Parkinson’s disease is also known by various other names such as idiopathic Parkinsonism, hypo kinetic rigid syndrome, paralysis agitans. It is the disease of brains that leads to shaking or tremor and difficulty in walking, movement and coordination. It is the disorder of nervous system.
Tremor and shaking are the most well known signs of Parkinson’s disease. Although Parkinson’s disease cannot be cured yet there are several medications that can be used to control the condition and the progress of disease.
Causes of Parkinson’s disease:
The cause of Parkinson’s disease is unknown yet there are several factors that may play an important role in initiating the problem of Parkinson’s disease:
Certain research studies have shown that Parkinson’s disease can be caused due to certain types of mutations. There are a few chances of this disease to move in the family lineage.
• Environmental triggers:
According to few research programs, certain toxins and environmental factors increases the risks of Parkinson’s disease.

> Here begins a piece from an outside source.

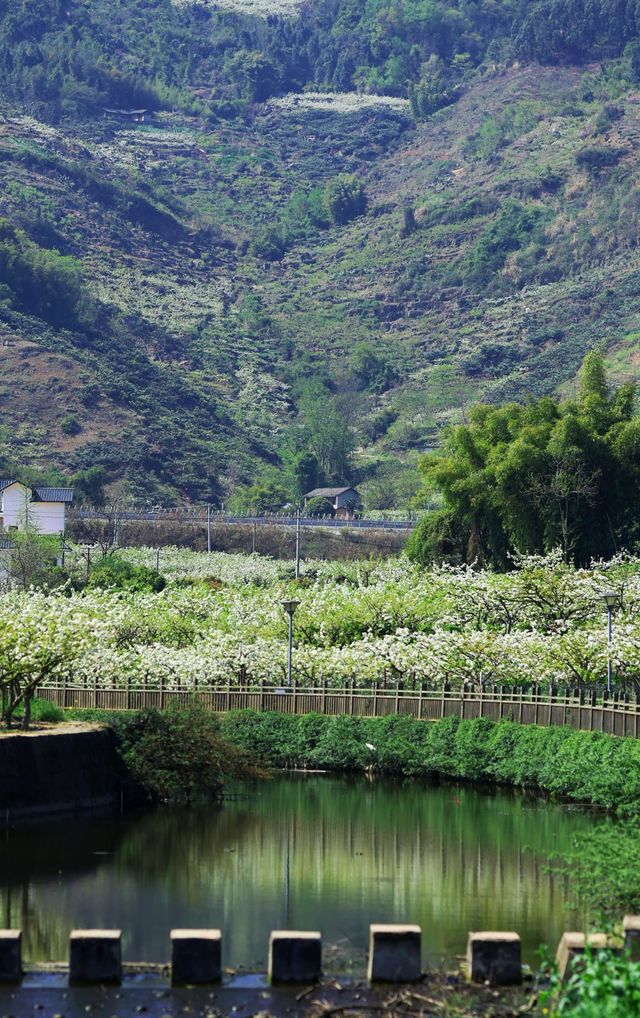 成都彭州熙玉村｜梨花開滿春天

• The presence of lewvy bodies:
These are small clumps found in brain while suffering from Parkinson’s disease.
Parkinson’s disease often develops after the age of 50. Sometimes it may occur in young people also. It affects both men and women. The nerve cells use a brain chemical called dopamine to help control muscle movement. Parkinson’s disease occurs when the nerve cells in brain that makes this dopamine are destroyed.
Signs and Symptoms:
This may affect one or both sides of the body, and can include:
• Slow blinking, shaking
• Problems with balance and walking
• No expression in the face
• Muscle pains
• Movement problems
• Anxiety, stress, and tension
• Memory loss
• Problems with unsteady balance and posture may make it hard to sit down in a chair, or to rise from one
• Walking is accomplished with small, shuffling steps and a stooped posture
• Stiffness or rigidity in the arms or legs and there is a slowing of body movements, called Bradykinesia
Adverse effects of the problem:
There are various complications that are associated with Parkinson’s disease. Here are the common problems that a patient with Parkinson’s disease is:
• Dementia and thinking difficulties
• Depression and emotional changes
• Difficulty in swallowing
• Disorders associated with sleep
• Stomach and bladder problems commonly linked with constipation and certain other bowel problems
• The person with Parkinson’s Disease may also face the following problems:
Difficulty in urination, loss of sexual interest, pain and smell dysfunction.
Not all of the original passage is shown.